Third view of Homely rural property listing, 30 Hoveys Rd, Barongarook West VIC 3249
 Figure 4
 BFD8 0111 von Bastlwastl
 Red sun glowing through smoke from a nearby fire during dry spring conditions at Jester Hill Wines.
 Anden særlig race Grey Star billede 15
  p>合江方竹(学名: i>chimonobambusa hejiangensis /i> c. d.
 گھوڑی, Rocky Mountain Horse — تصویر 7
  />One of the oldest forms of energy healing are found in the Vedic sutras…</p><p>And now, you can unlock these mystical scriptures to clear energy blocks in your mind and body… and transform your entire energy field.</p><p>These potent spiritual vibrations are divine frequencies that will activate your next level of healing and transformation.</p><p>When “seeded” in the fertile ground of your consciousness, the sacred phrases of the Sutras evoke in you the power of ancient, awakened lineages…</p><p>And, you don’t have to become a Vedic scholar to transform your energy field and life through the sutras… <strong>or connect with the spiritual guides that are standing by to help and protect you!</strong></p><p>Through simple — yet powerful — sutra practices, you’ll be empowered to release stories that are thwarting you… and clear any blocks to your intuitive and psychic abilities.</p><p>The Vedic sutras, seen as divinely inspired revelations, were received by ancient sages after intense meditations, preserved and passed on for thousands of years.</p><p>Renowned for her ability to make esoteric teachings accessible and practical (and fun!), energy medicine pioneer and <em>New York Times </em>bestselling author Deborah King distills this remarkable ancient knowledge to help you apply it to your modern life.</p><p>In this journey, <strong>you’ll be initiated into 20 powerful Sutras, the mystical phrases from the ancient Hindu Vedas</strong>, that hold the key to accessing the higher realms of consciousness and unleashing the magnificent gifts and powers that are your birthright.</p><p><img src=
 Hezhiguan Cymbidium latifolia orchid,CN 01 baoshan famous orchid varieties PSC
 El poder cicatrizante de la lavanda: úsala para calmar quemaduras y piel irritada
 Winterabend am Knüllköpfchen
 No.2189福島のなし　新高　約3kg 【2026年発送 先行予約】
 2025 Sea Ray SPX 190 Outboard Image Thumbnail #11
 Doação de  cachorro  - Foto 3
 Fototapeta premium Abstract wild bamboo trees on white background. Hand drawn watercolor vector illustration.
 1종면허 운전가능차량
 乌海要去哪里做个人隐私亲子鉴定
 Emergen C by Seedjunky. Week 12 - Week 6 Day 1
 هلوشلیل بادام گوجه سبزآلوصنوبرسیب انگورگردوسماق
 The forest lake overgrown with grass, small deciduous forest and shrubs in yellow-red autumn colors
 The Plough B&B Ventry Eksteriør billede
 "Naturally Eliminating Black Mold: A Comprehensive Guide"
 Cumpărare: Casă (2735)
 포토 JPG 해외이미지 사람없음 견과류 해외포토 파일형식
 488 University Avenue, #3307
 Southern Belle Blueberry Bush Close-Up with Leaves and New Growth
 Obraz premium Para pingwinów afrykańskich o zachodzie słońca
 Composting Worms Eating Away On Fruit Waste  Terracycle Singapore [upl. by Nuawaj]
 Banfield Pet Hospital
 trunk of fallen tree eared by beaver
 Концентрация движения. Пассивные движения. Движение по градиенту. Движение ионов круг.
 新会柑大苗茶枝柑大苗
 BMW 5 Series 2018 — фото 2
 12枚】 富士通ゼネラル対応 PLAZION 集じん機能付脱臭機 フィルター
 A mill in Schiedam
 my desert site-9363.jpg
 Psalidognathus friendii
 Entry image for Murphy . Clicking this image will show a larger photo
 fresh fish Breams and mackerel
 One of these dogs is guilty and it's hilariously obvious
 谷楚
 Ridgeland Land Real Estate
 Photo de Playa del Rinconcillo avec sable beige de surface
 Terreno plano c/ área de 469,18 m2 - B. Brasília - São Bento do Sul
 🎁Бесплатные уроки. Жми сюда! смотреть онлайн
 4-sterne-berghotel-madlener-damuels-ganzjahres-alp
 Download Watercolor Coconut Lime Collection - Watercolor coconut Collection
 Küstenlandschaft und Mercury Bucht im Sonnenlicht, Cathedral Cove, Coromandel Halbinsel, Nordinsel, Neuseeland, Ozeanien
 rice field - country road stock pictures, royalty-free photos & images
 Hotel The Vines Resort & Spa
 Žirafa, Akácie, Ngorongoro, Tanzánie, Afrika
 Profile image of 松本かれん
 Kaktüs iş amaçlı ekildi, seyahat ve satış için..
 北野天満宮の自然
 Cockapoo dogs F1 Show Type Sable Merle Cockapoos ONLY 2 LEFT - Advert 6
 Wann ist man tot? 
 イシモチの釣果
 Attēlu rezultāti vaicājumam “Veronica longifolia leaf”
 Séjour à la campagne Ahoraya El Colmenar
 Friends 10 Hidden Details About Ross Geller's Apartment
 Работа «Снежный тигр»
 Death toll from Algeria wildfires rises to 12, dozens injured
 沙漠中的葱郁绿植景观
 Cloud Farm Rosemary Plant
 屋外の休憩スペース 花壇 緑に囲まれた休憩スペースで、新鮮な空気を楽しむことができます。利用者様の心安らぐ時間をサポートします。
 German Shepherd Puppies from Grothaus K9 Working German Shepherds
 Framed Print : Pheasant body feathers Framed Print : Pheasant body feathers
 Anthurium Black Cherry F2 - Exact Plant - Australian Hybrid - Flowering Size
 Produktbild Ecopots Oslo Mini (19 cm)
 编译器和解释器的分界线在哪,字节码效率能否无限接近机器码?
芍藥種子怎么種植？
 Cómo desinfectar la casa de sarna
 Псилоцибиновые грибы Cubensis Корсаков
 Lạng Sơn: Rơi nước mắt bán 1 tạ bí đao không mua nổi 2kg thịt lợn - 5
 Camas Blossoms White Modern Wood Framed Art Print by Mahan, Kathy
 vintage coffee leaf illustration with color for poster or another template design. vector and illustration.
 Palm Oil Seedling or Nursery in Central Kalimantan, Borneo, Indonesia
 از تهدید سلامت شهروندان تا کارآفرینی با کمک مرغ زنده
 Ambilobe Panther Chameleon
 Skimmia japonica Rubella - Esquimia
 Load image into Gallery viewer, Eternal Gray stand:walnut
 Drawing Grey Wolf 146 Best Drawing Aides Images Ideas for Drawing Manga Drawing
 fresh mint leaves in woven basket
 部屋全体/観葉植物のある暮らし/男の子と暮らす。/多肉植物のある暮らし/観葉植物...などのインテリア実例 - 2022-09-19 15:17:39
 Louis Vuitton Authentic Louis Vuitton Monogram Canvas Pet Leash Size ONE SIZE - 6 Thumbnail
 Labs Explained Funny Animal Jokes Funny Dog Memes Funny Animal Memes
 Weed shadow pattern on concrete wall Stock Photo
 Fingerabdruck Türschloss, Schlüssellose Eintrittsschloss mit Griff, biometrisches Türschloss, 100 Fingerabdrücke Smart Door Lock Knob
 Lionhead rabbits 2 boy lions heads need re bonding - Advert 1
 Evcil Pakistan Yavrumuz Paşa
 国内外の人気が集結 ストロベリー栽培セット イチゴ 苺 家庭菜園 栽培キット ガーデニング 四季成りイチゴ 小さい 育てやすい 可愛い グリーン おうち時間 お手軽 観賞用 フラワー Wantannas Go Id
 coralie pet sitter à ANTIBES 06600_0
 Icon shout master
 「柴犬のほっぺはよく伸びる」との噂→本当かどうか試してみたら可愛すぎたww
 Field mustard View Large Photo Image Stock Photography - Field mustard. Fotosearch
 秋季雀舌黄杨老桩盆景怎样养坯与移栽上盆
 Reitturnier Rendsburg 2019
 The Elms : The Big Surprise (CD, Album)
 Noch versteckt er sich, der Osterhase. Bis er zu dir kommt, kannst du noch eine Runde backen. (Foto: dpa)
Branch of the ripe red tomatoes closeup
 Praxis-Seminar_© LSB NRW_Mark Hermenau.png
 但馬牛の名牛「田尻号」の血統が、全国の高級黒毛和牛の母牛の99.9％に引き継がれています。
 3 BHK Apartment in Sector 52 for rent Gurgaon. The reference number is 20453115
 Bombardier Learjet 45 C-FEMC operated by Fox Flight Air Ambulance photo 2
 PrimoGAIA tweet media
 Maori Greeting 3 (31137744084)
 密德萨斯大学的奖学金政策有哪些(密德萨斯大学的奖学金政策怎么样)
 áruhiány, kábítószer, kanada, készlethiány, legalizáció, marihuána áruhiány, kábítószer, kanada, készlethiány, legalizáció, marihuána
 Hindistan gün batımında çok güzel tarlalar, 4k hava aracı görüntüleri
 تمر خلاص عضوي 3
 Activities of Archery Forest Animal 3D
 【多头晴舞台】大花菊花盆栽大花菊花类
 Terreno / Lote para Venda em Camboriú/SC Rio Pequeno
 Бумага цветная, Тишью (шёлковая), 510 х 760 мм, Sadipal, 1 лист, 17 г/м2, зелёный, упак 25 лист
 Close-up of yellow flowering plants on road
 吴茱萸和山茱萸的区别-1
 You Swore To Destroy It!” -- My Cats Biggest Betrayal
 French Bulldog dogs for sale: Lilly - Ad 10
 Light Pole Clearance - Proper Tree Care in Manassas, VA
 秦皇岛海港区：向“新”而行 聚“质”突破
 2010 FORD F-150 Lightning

● Exercise objective: The reply should consist solely of the lines above from the one that has "屋外の休憩スペース 花壇 緑に囲まれた休憩スペースで、新鮮な空気を楽しむことができます。利用者様の心安らぐ時間をサポートします。" through the one that has "秋季雀舌黄杨老桩盆景怎样养坯与移栽上盆", reproduced exactly.

● Exercise result:
 屋外の休憩スペース 花壇 緑に囲まれた休憩スペースで、新鮮な空気を楽しむことができます。利用者様の心安らぐ時間をサポートします。
 German Shepherd Puppies from Grothaus K9 Working German Shepherds
 Framed Print : Pheasant body feathers Framed Print : Pheasant body feathers
 Anthurium Black Cherry F2 - Exact Plant - Australian Hybrid - Flowering Size
 Produktbild Ecopots Oslo Mini (19 cm)
 编译器和解释器的分界线在哪,字节码效率能否无限接近机器码?
芍藥種子怎么種植？
 Cómo desinfectar la casa de sarna
 Псилоцибиновые грибы Cubensis Корсаков
 Lạng Sơn: Rơi nước mắt bán 1 tạ bí đao không mua nổi 2kg thịt lợn - 5
 Camas Blossoms White Modern Wood Framed Art Print by Mahan, Kathy
 vintage coffee leaf illustration with color for poster or another template design. vector and illustration.
 Palm Oil Seedling or Nursery in Central Kalimantan, Borneo, Indonesia
 از تهدید سلامت شهروندان تا کارآفرینی با کمک مرغ زنده
 Ambilobe Panther Chameleon
 Skimmia japonica Rubella - Esquimia
 Load image into Gallery viewer, Eternal Gray stand:walnut
 Drawing Grey Wolf 146 Best Drawing Aides Images Ideas for Drawing Manga Drawing
 fresh mint leaves in woven basket
 部屋全体/観葉植物のある暮らし/男の子と暮らす。/多肉植物のある暮らし/観葉植物...などのインテリア実例 - 2022-09-19 15:17:39
 Louis Vuitton Authentic Louis Vuitton Monogram Canvas Pet Leash Size ONE SIZE - 6 Thumbnail
 Labs Explained Funny Animal Jokes Funny Dog Memes Funny Animal Memes
 Weed shadow pattern on concrete wall Stock Photo
 Fingerabdruck Türschloss, Schlüssellose Eintrittsschloss mit Griff, biometrisches Türschloss, 100 Fingerabdrücke Smart Door Lock Knob
 Lionhead rabbits 2 boy lions heads need re bonding - Advert 1
 Evcil Pakistan Yavrumuz Paşa
 国内外の人気が集結 ストロベリー栽培セット イチゴ 苺 家庭菜園 栽培キット ガーデニング 四季成りイチゴ 小さい 育てやすい 可愛い グリーン おうち時間 お手軽 観賞用 フラワー Wantannas Go Id
 coralie pet sitter à ANTIBES 06600_0
 Icon shout master
 「柴犬のほっぺはよく伸びる」との噂→本当かどうか試してみたら可愛すぎたww
 Field mustard View Large Photo Image Stock Photography - Field mustard. Fotosearch
 秋季雀舌黄杨老桩盆景怎样养坯与移栽上盆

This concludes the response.